SketsaNusantara.id - Presiden Prabowo Subianto telah mengagendakan segera melakukan kunjungan ke luar negeri pertamanya sebagai Presiden RI dan Gibran Rakabuming Raka sebagai wakilnya akan jadi presiden sementara.
Presiden Prabowo Subianto diagendakan akan melakukan beberapa agenda yakni APEC di Peru pada 10 hingga 16 November 2024.
Setelah itu akan dilanjutkan dengan kunjungan KTT G20 yang akan berlangsung di Brazil pada 18 hingga 19 November 2024.
Prabowo Subianto disebut Rocky Gerung akan segera memfungsikannya dirinya sebagai pemimpin diplomasi Indonesia di luar negeri selama kurang lebih satu bulan lamanya.
Kepergian sementara Prabowo Subianto ke luar negeri membuat sejumlah pihak khawatir ketika Prabowo pergi ke luar negari ketika negara di amandatkan kepada wakil presidennya Gibran Rakabuming Raka.
Hal itu disampaikan oleh Rocky Gerung, sosok yang kerap mengkritik kapasitas Gibran sebagai wakil presiden yang kini mengaku khawatir ketika ia harus memimpin kabinet menggantikan Presiden Prabowo.
Baca Juga: Relawan Prabowo Siap Menangkan Gus Fawait-Djoko Susanto, Ini Harapannya di Sektor Pertanian
"Pak Wapres ini nanti akan menemukan apa yng disebut sebagai ujian kapasitas," ujar Rocky Gerung dilansir SketsaNusantara.id dikutip dari kanal YouTube Rocky Gerung Official.

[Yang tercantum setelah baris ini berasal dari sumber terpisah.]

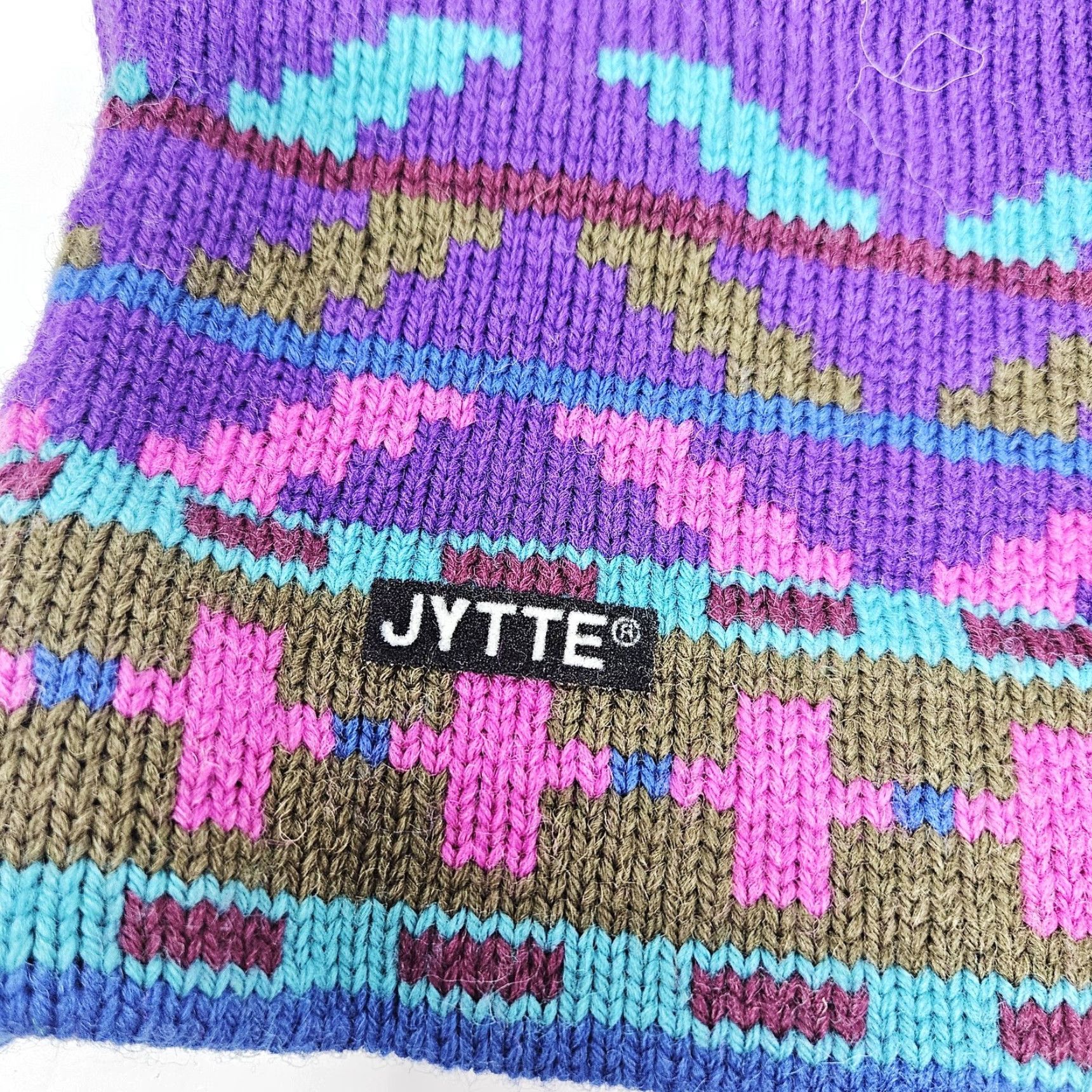 Vintage VINTAGE JYTTE Beanie Hat Mens One Size Purple Knit U.S. Pro Ski Tour 90s Size ONE SIZE - 4 Thumbnail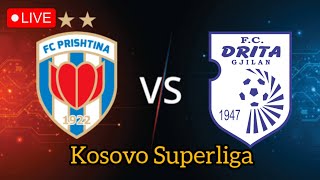 FC Drita – Prishtina ndeshje futbolli live sot në Superligën e Kosovës [upl. by Muirhead]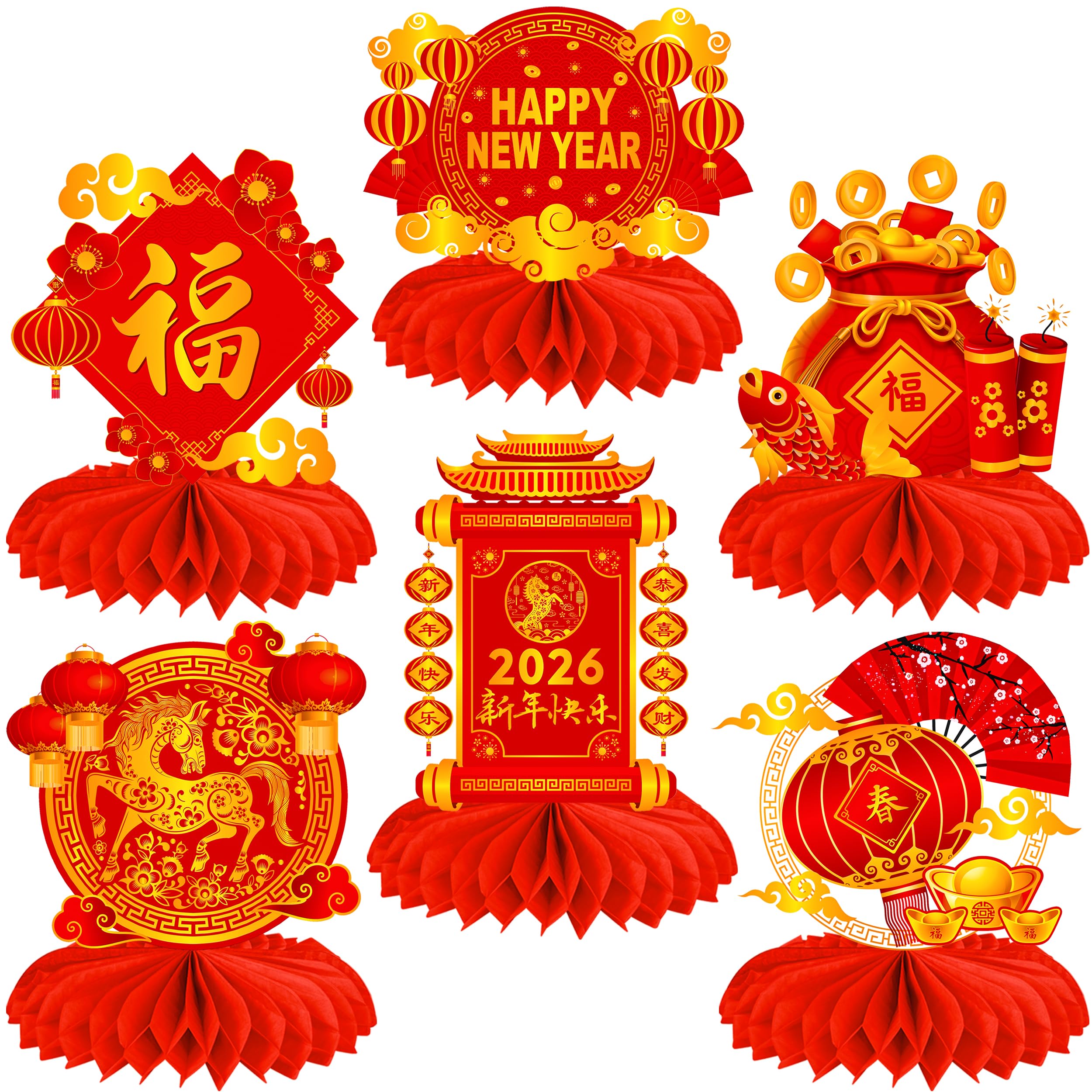 Locker.Ink | Elevate Your Festive Decor with These Lunar New Year Essentials iPartyFun Centerpieces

Rocky menyebut bahwa kepergian Presiden Prabowo ke luar negeri merupakan ujian pertama untuk Gibran sebagai wakil presiden.
"Dan tentu saja ujian psikologis karena beliau (Gibran) akan berhadapan dengan menteri yang secara teknis berarti sudah ia kenal karena menjadi rezim ayahnya sendiri," tambahnya.
Itu artinya menurut Rocky, Gibran akan segera masuk untuk memimpin kabinet secara profesional, maka ia akan benar-benar masuk pada pertarungan politik dimana hasilnya banyak ditunggu orang.
Untuk itulah ia berpendapat agar Gibran harus segera bersiap mempelajari teknikal memimpin sidang kabinet yang akan terjadi ketika Prabowo sedang di luar negeri.